Efficient collaboration between collaborative machine learning and wireless communication technology, forming a Federated Edge Learning (FEEL), has spawned a series of next-generation intelligent applications. However, due to the openness of network connections, the FEEL framework generally involves hundreds of remote devices (or clients), resulting in expensive communication costs, which is not friendly to resource-constrained FEEL. To address this issue, we propose a distributed approximate Newton-type algorithm with fast convergence speed to alleviate the problem of FEEL resource (in terms of communication resources) constraints. Specifically, the proposed algorithm is improved based on distributed L-BFGS algorithm and allows each client to approximate the high-cost Hessian matrix by computing the low-cost Fisher matrix in a distributed manner to find a "better" descent direction, thereby speeding up convergence.
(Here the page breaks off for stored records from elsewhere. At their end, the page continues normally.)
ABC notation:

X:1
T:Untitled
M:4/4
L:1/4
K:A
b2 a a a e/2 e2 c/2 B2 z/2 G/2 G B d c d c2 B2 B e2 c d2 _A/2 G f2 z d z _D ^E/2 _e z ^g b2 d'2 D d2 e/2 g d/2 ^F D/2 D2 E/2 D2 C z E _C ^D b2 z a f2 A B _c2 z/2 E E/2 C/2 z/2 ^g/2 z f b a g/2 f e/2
Second, we prove that the proposed algorithm has linear convergence in strongly convex and non-convex cases and analyze its computational and communication complexity. Similarly, due to the heterogeneity of the connected remote devices, FEEL faces the challenge of heterogeneous data and non-IID (Independent and Identically Distributed) data. To this end, we design a simple but elegant training scheme, namely FedOVA, to solve the heterogeneous statistical challenge brought by heterogeneous data. In this way, FedOVA first decomposes a multi-class classification problem into more straightforward binary classification problems and then combines their respective outputs using ensemble learning. In particular, the scheme can be well integrated with our communication efficient algorithm to serve FEEL. Numerical results verify the effectiveness and superiority of the proposed algorithm.